馬車にも乗り息ついた先は、居城を出て街中の、広い公園のような場所でした。馬車の窓から覗けば大勢の魔族が見物に来ているようで、私たちの馬車が到着するや否や、大きな歓声が轟きました。
馬車から乱暴に降ろされた私は、魔族の轟く歓声に混じって後から続くアニー様の掛け声を耳にし、後ろを振り返りました。
今にも泣きださんとするアニー様がいらっしゃいました。
「モア・・・」
「アニー様・・・」
衛兵に背中を押され、体勢を崩されながらもしっかりとこの目にアニー様を焼き付けました。
幾度となく命の危機にさらされた私も、ついに運の尽きが訪れました。陽の光を鈍く反射するギロチンの刃が、それを端的に伝えています。
ギロチン台はステージの上に設置されていて、そのステージには飽きるほど見たライラ様がいらっしゃいました。ギロチンの刃はしっかりとロープで固定されていて、壇上のライラ様はそれを断つためのアックスを握っています。
ライラ様が片手を上げると、それまで轟いていた歓声が嘘のように引き、辺りが静寂に包まれました。
私が壇上に上がると、ライラ様が口を開きました。
「わが父魔王は、ここに居る人族によって命の危機にさらされている!!」
広場の観衆を前にライラ様はとびきりの発言で注目を集め、静寂だった観衆を再び喧騒に落としました。しかし5秒ともかからず、ライラ様は再び手を挙げてそれを制しました。
「その一味の一人である人族の大賢者は、自らの罪の償いを放棄し、脱走を図った」
ひそひそと話す声があちこちから聞こえて参りましたが、すぐに止みました。
「後々その者は捕えて刑を言い渡すとして、一味には一足先に断罪を処することとした!!」
ライラ様が片手を大きく掲げると、広場にいた魔族たちから拍手と歓声が沸き起こりました。
「諸君らは断罪を見届ける権利がある。そして処刑後はこの者の扱いについて我々は関知しないものとする。好きにするがいい!!」
なるほど、死してもなお辱めを受けるということでございますか。私を見る魔族の目が滾っています。
――――もはやここまで、ですね。
衛兵に連れられギロチン台の首置きに首を乗せると、上からも被せるように板が付けられ、身動きが取れなくなりました。

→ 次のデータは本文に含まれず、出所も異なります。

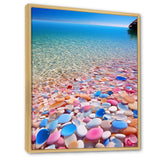 Turquoise Pink Pebbles On Paradise Ocean Beach - Red Cat Wall Art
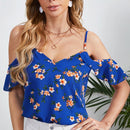 Clasi Top de hombros descubiertos ribete con fruncido con estampado floral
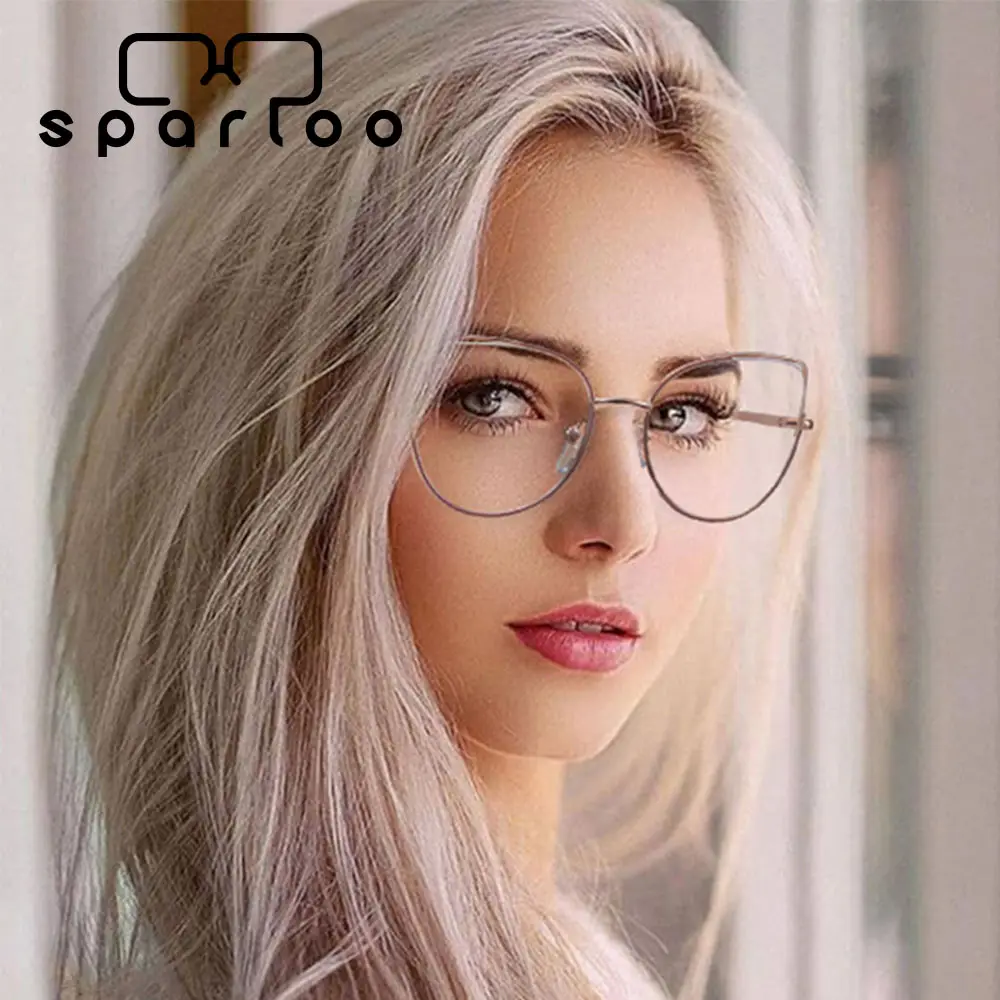 Sparloo 2014 mujeres gato Ojo de Metal de moda Anti Azul de calidad óptico de luz gafas marcos de gafas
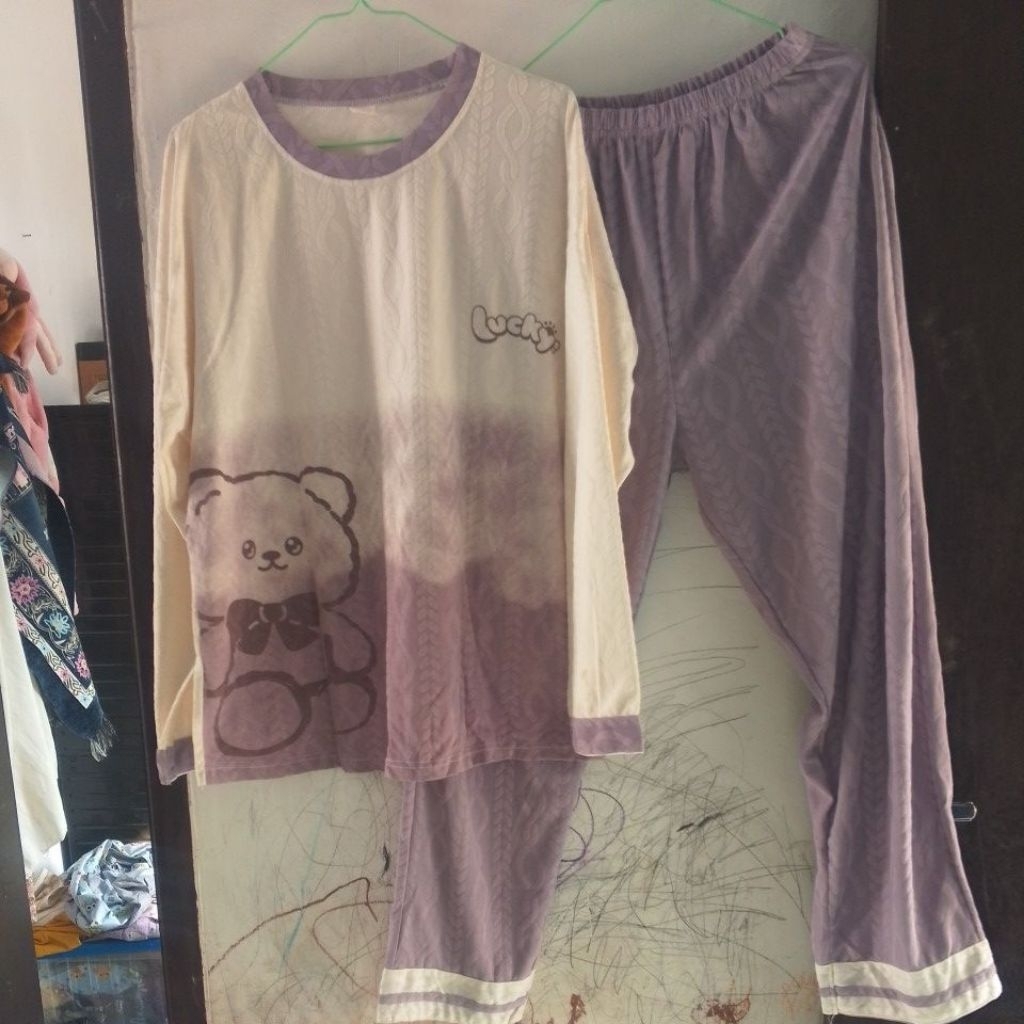 pl preloved setelan PP kaos knit embos 3xl ld 125cm no minus warna memang ombre bukan luntur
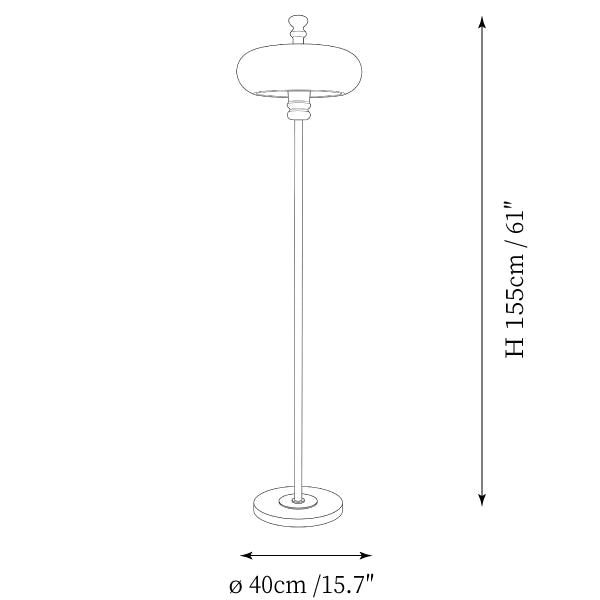 Dimension drawing of this Clérachic floor lamp, with its 155 cm height and 40 cm base diameter marked.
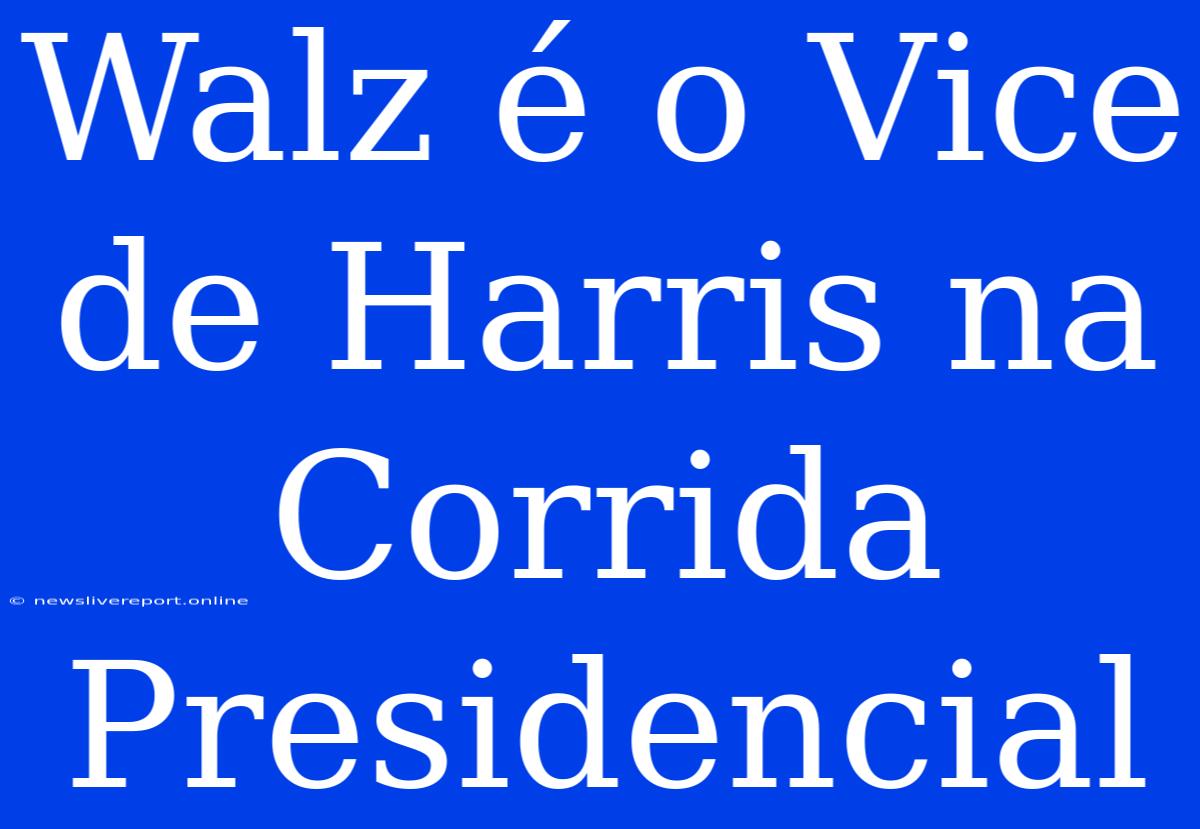 Walz É O Vice De Harris Na Corrida Presidencial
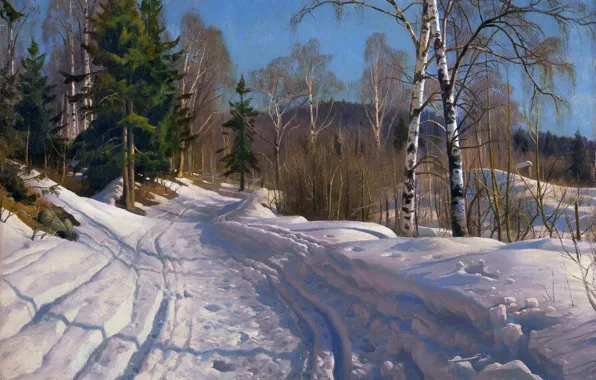 Picture Winter, Road, Trees, Snow, Norway, Picture, Lillehammer, Peter Merk Of Menstad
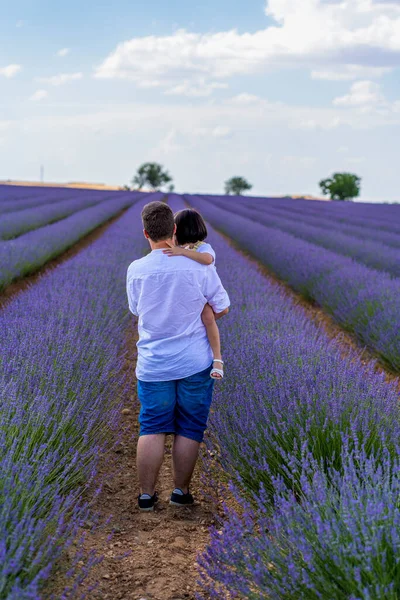 Father His Daughter His Arms Walking Lavender Field —  Fotos de Stock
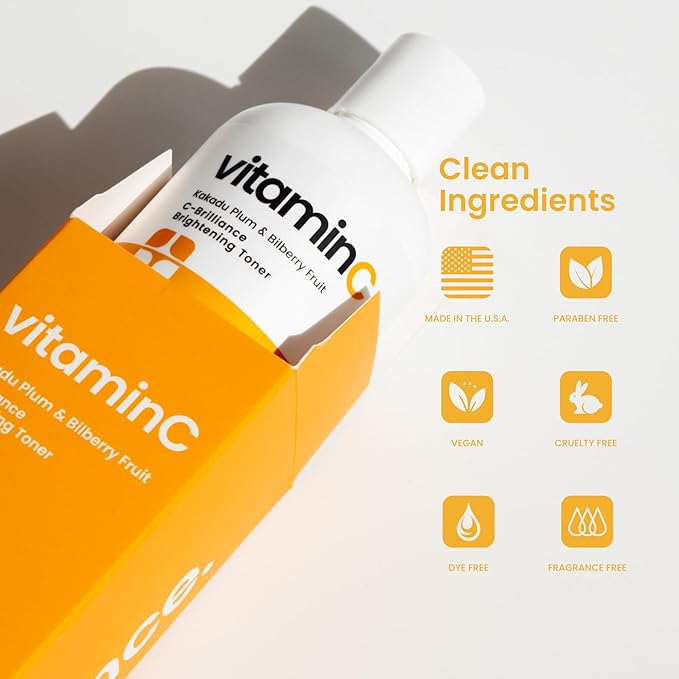 C-Brilliance Vitamin C Toner for Face Daily Witch Hazel Facial Astringent with Kakadu Plum and Bilberry Fruit 8 oz Vegan, Fragrance Free-FemmiqueWomen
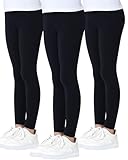 Charmi Mädchen Leggings Sport Baumwoll Hosen 3er-Pack Schwarz 164-170 (Herstellergröße 170)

「モアよ、最後に言うことがあれば話してみよ。せめてのたむけだ、ジンイチローには伝えてやるぞ」
「・・・いえ、特に」
「ふん、つまらん。もっと命乞いをしてもらわないと連中のためにならん」
歓声とヤジが飛び交う広場に向かって、ライラ様は顎で『連中』に向かって指しました。
「では早速執り行おう」
・・・
・・
・
「モア・・・」
「アニー様・・・」
モアの表情を読み取るのは至難の業なのに、この時ばかりは違った。覚悟と悲しみが混じり、その目もいつになく暗い。彼女の名を呼ぶことしかできなくて歯がゆく思う。
きっと私は生かされるのだろう。私がこの国の長ならば、エルフである私を人質にし、その価値を大いに利用するだろう。だからこそ、目の前で処刑されようと歩くモアの後ろ姿を見るのが辛い。
歓声と野次が飛び交う広場の中央に設けられたステージにはギロチンが置かれ、鈍く妖しく陽の光を反射するそれは、モアの首が置かれるのを今か今かと心待ちにしているのように見えた。
やがて壇上に上がったモアがおとなしく首をギロチン台に捧げると、ライラの演説が始まる。
「では早速執り行おう」
ライラはアックスを天に掲げた。
「お願い!やめて!!」
私は大声でライラに叫ぶけれど、大歓声がそれを邪魔する。
嫌よ!!モア!!ダメ!!
「モア!!」
私が叫んだその時だった。アックスを振り下ろすモーションをかけたライラが、急にその動きを止めた。もしかして私の声が届いたのかしら!?
でもライラは私ではなく、あさっての方向を見て固まっている。やがてアックスを力なくステージに置いた。ライラの様子に観衆がざわつきはじめた。
ライラの行動に疑問を感じた私も、ライラの見るその先に気配を集中させた。
――――何かが来る。決して歓迎できない、おぞましい気配が。
「ライラ!何か来るわよ!」
「・・・あれは・・・」
やがて観衆もその気配を感じたのか、一瞬にして静まり返った。どんどん大きくなる気配は魔族の特有のものでない、禍々しい何かを纏った魔物のような威圧だった。いや、魔物ならまだマシかも。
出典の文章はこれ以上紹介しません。